Hopefully you know what revenue is – it’s the amount of sales brought in (as opposed to profit, which is revenue minus expenses). It’s basic. If this definition comes as a surprise, you will probably have business problems that this page can’t solve. That said, it’s also critical, and if your accounting is in disarray, it can be surprisingly hard to measure accurately over certain periods of time.

4. Income Statement

Income statement is another of the three core financial statements. It shows profit and loss over a period of time, taking into account all revenues and subtracting all expenses from both operating and non-operating procedures.

5. Chart of Accounts (COA)

A chart of accounts is an organized index of every financial account in the general ledger of a company over a specified period of time. Basically, it’s a comprehensive list of income and expenses broken into subcategories – say, by menu item or by location. It’s a helpful tool in communicating high-level financial information.

6. Occupancy Expenses

Occupancy expenses (or occupancy costs) are a major factor in restaurant accounting, especially for multi-unit businesses. They refer to the expenses associated with occupying physical premises – factors like rent expense, janitorial expense, insurance on buildings, repair and maintenance fees, utility costs, and property taxes.

7. Operating Expenses

Operating expenses (or operating costs) are those that are incurred in the day-to-day running of a restaurant business. This typically includes occupancy expenses. In fact, the three biggest operating expenses for restaurant businesses tend to be labor, food, and rent.

8. Assets

This is another basic term, but it’s an important one to clarify as you lay a foundation of accounting knowledge. In restaurant accounting terms, assets are resources owned by a company that have future economic value that can be expressed in dollars. For example: buildings, kitchen equipment, accounts receivable, or cash are all considered assets.

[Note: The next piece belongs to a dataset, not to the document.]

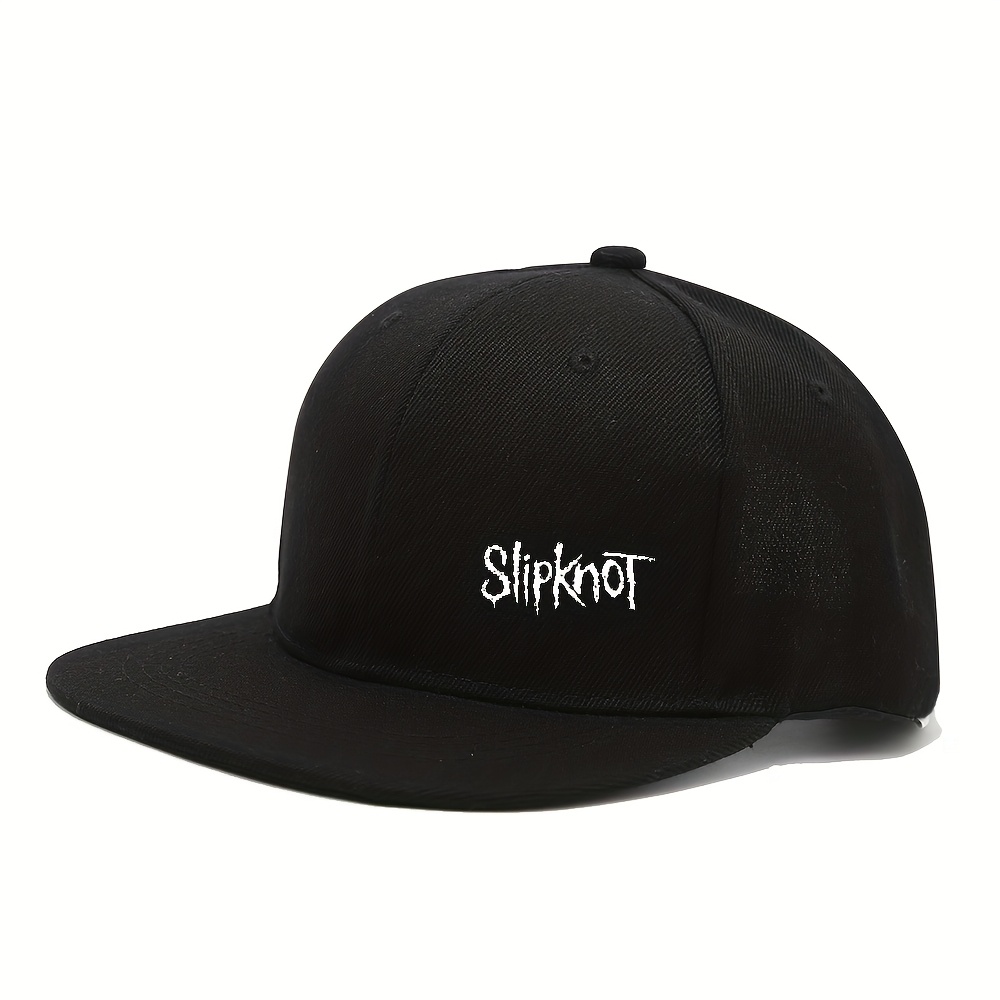slipknot black baseball cap adjustable flat brim snapback - Temu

Assets are also one side of perhaps the most well-known accounting equation:

Assets = Liabilities + Equity.

9. Liabilities

Liabilities – or payables, as they’re also called – are financial obligations. Many restaurant businesses are funded with debt, for example, which is recorded as a liability on the balance sheet. Unless your business operates solely with cash, you’ll have liabilities to manage.

10. Cash Flow

Cash flow denotes the money moving in and out of a business, and it’s most meaningful when considered over a specified time period. The Statement of Cash Flows (or the Cash Flow Statement), which documents the cash generated and spent over a time interval, is the report associated with this measure – it’s the final of the three core accounting reports.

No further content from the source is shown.